→ **TRY IT**
Without omitting anything, copy the data exactly.

Source data:
______

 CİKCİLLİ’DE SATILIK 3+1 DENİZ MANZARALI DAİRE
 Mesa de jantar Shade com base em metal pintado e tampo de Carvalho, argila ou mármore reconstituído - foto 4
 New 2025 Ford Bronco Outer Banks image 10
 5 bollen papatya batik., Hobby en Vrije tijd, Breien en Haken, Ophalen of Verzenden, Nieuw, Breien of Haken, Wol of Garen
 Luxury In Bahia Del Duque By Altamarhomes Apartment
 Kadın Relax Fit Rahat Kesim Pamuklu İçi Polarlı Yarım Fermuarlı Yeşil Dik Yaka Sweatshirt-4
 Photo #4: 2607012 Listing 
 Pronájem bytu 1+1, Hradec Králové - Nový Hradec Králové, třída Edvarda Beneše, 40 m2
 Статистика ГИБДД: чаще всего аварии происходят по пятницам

______

→ **SOLUTION FOR THIS TASK**
 CİKCİLLİ’DE SATILIK 3+1 DENİZ MANZARALI DAİRE
 Mesa de jantar Shade com base em metal pintado e tampo de Carvalho, argila ou mármore reconstituído - foto 4
 New 2025 Ford Bronco Outer Banks image 10
 5 bollen papatya batik., Hobby en Vrije tijd, Breien en Haken, Ophalen of Verzenden, Nieuw, Breien of Haken, Wol of Garen
 Luxury In Bahia Del Duque By Altamarhomes Apartment
 Kadın Relax Fit Rahat Kesim Pamuklu İçi Polarlı Yarım Fermuarlı Yeşil Dik Yaka Sweatshirt-4
 Photo #4: 2607012 Listing 
 Pronájem bytu 1+1, Hradec Králové - Nový Hradec Králové, třída Edvarda Beneše, 40 m2
 Статистика ГИБДД: чаще всего аварии происходят по пятницам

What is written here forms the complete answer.